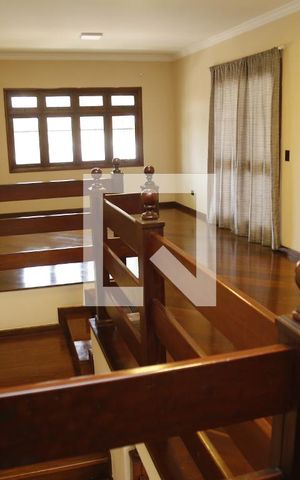 Casa para alugar com 500m², 4 quartos e 4 vagasCorredor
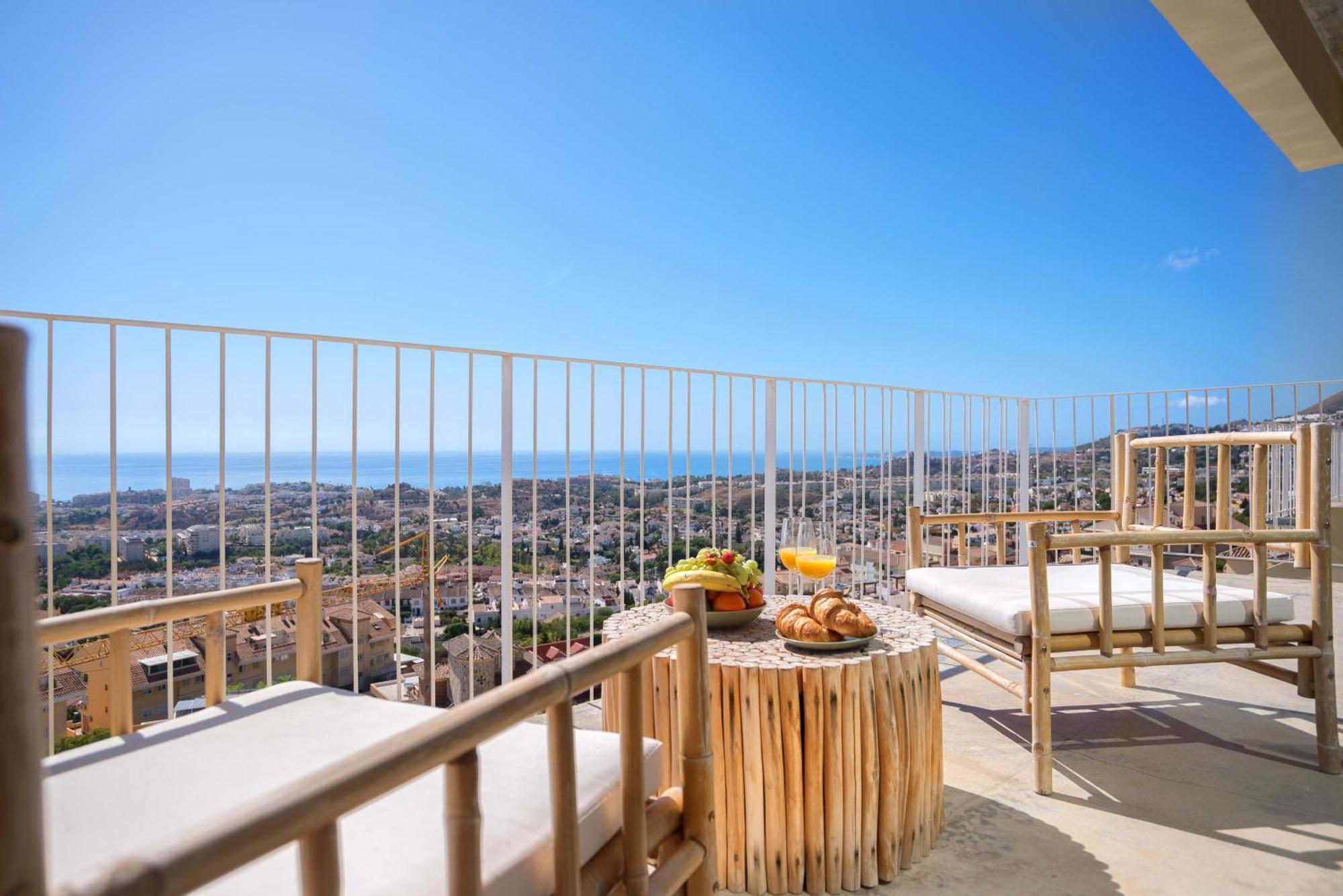 Spacious With Great Views! Villa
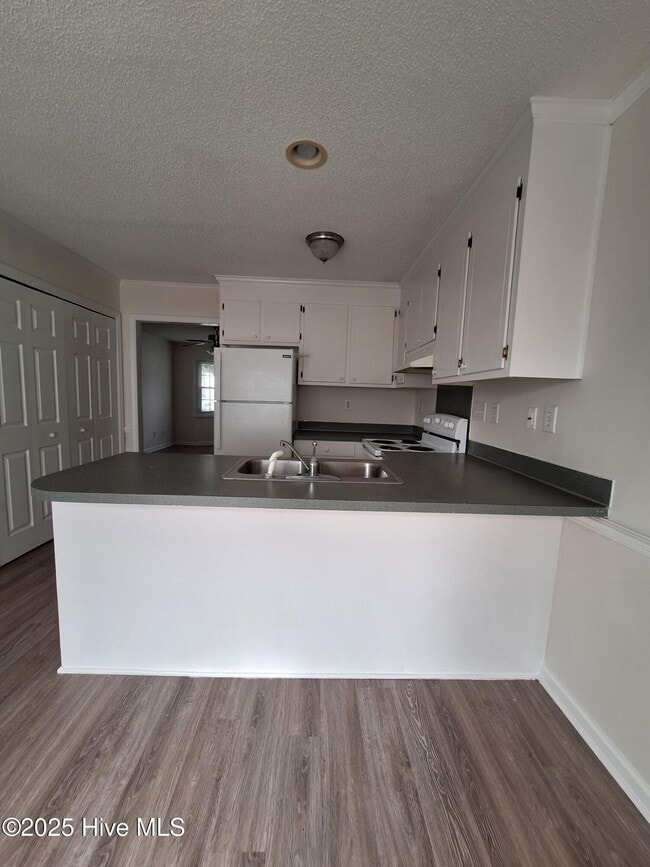 Photo - 3979 Sterling Pointe Dr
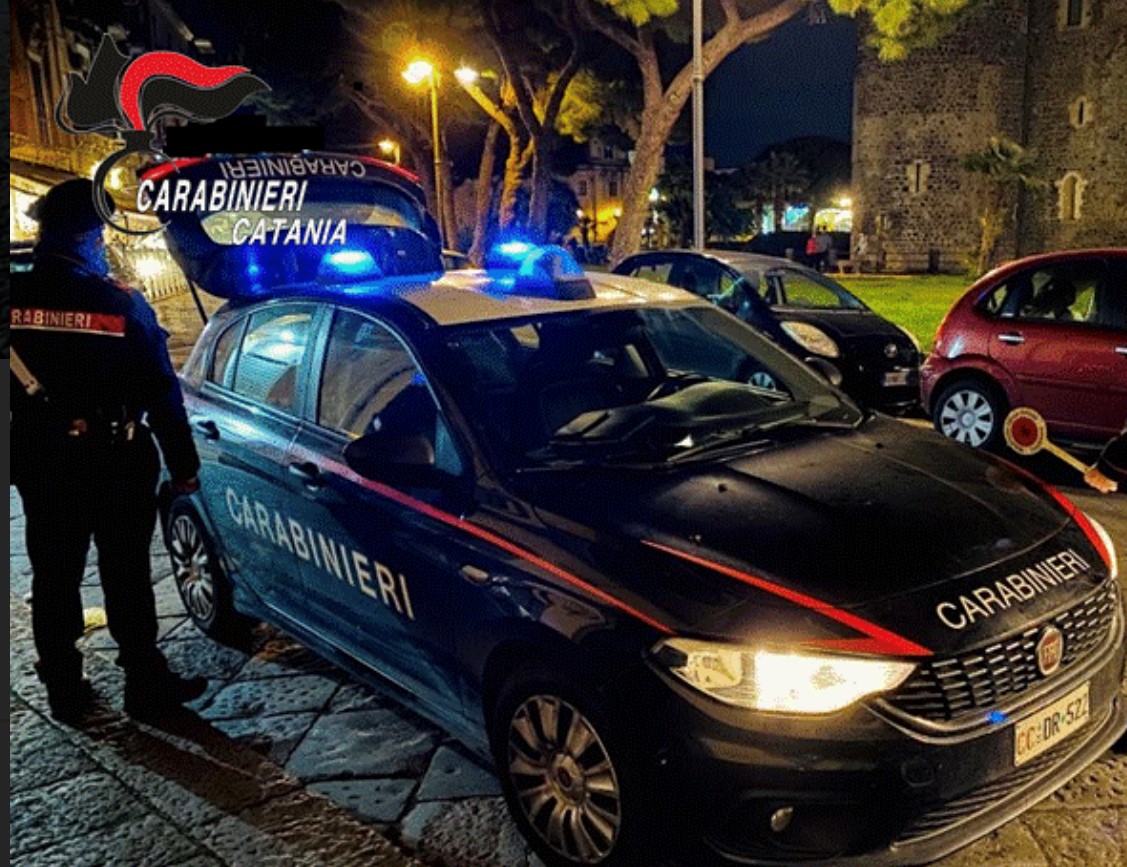 Minorenne spaccia a due passi dal Castello Ursino, l’inseguimento e l’arresto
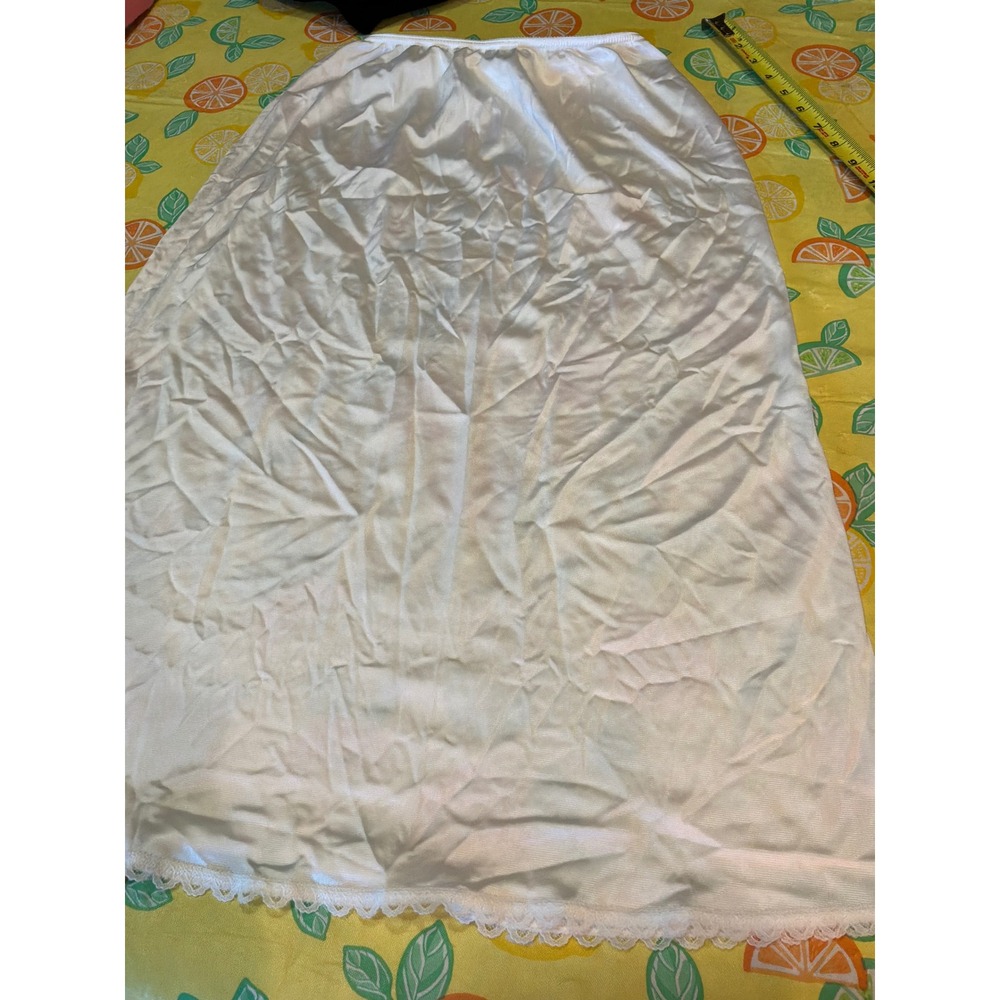 Adonna Long Half Slip Womens Medium White Lace Trim Antron‎ III Nylon Vintage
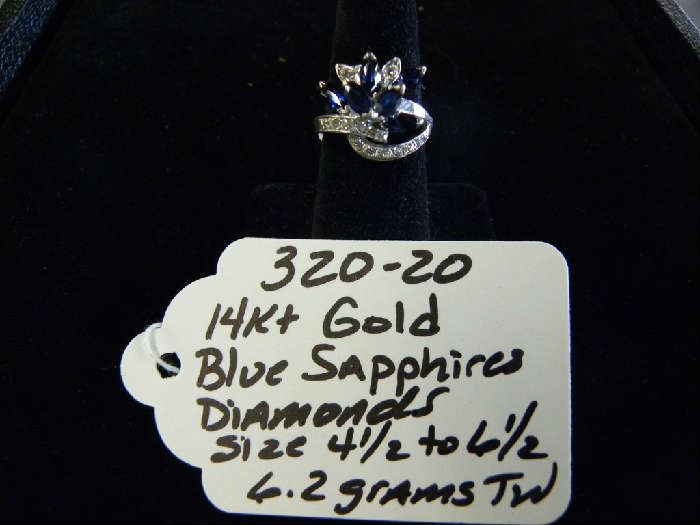 14kt Gold, Sapphire & Diamonds Ring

================================

Print the listing exactly, but skip its pictures.

 Casa para alugar com 500m², 4 quartos e 4 vagasCorredor
 Spacious With Great Views! Villa
 Photo - 3979 Sterling Pointe Dr
 Minorenne spaccia a due passi dal Castello Ursino, l’inseguimento e l’arresto
 Adonna Long Half Slip Womens Medium White Lace Trim Antron‎ III Nylon Vintage
 14kt Gold, Sapphire & Diamonds Ring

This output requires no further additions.